Collecting Heirloom Apple Trees in New England

John E. | May 6, 2013 10:31 AM

<Why Your Supermarket Only Sells 5 Kinds of Apples

And one man's quest to bring hundreds more back.

By Rowan Jacobsen | March/April 2013 Issue

EVERY FALL AT MAINE'S COMMON GROUND Country Fair, the Lollapalooza of sustainable agriculture, John Bunker sets out a display of eccentric apples. Last September, once again, they covered every possible size, shape, and color in the wide world of appleness. There was a gnarled little yellow thing called a Westfield Seek-No-Further; a purplish plum impostor called a Black Oxford; a massive, red-streaked Wolf River; and one of Thomas Jefferson's go-to fruits, the Esopus Spitzenburg.

Bunker is known in Maine as "The Apple Whisperer," or simply "The Apple Guy," and, after laboring for years in semi-obscurity, he has never been in more demand.

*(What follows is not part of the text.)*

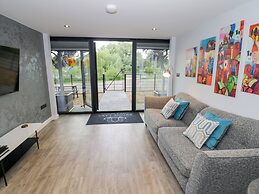 The Tunnel at Bridge Lake Farm and Fishery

Through the catalog of Fedco Trees, a mail-order company he founded in Maine 30 years ago, Bunker has sown the seeds of a grassroots apple revolution.>

I ran across this story and found it interesting.

A great-great-great-grandson of one of the early settlers of my hometown in Minnesota is resurecting his family's heirloom apple. I think he has grafted 50 trees so far.